[quote=AN][quote=CA renter]Many young people, in particular, really hate Prop 13 because they (rightly) feel that they are having to pay higher taxes/get fewer benefits to offset the tax losses from those who get the Prop 13 tax subsidy.[/quote]Nope. I’m pretty sure I know a lot more young people and those who even know what prop 13 is doesn’t hate it. As for hire taxes, they just attribute it to being in CA and they deal w/ it.[/quote]
By 2012, however, public attitudes appeared to be changing.

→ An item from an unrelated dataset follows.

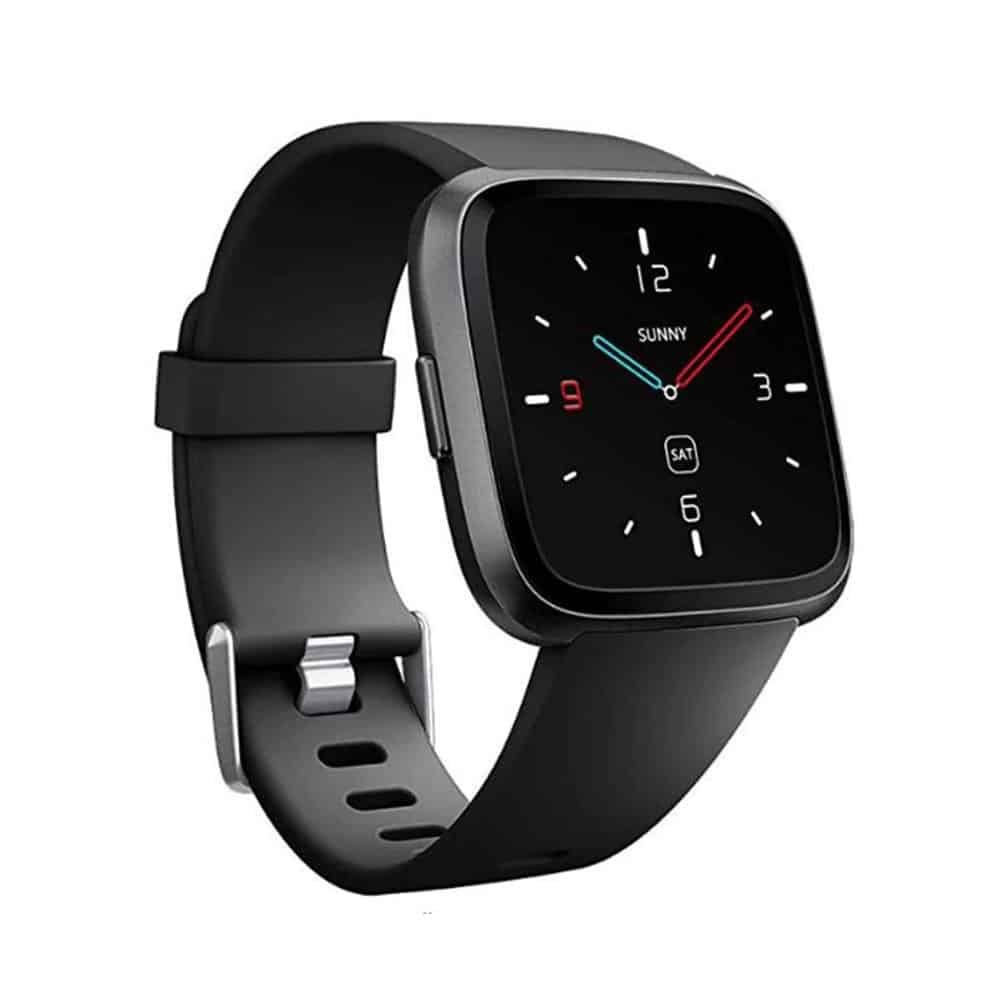 20mm Silicone Strap for Fitbit Versa/Versa 2- M/L- Black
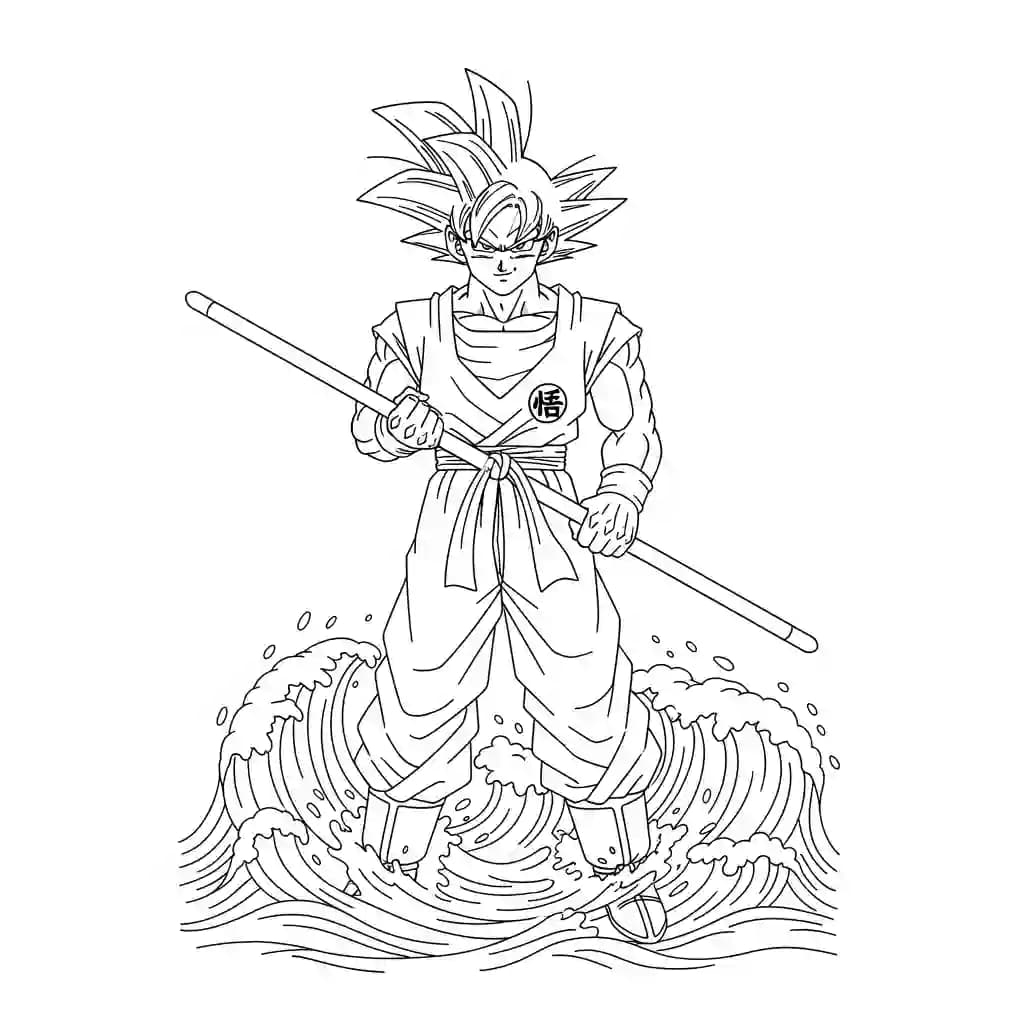Goku kleurplaat schets kleurplaat van Goku in vechthouding met duidelijke lijnen om in te kleuren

Opinion polls conducted last year and again this spring by the Public Policy Institute of California (PPIC) showed that although residents feel Prop. 13 as a whole has been good for the state, a majority now favors modifying some of its parts – in particular, to tax commercial properties at their market value. This is a marked change from 20 years ago, when Prop. 167 – a proposal to permit reappraisal of most business-owned real property after a specified change in ownership – went down by a 3-2 margin.
Even among Republican voters, support for some sort of Prop. 13 reform now hovers around 50 percent. The latest PPIC survey shows a majority of voters also supports allowing localities to raise specific-use taxes with a 55 percent vote. That shift comes in the wake of failed local measures in Los Angeles County and elsewhere last November; designed to fund basic infrastructure, they fell just shy of the two-thirds requirement.
But a growing number of critics, Bestor among them, are part of a movement to change Proposition 13 in its application to commercial property by “splitting the rolls” and assessing commercial property at its market value on a periodic basis rather than only upon change of ownership.
Split roll assessments will probably be here within the next 10-15 years, IMO. Not sure about investor-owned residential properties, but I’ve yet to hear a good argument for tax subsidies for landlords, especially if they don’t pass along at least part of the savings to the renters. If anyone has a good reason for why these provisions of Prop 13 should stay, I’d love to hear more about it.
The reason Prop 13 passed is because people overwhelmingly felt that people should not be taxed out of their own homes, and I would agree with this. Most voters in California don’t support giving wealthy corporate entities and landowners extra subsidies at the expense of other taxpayers and California residents.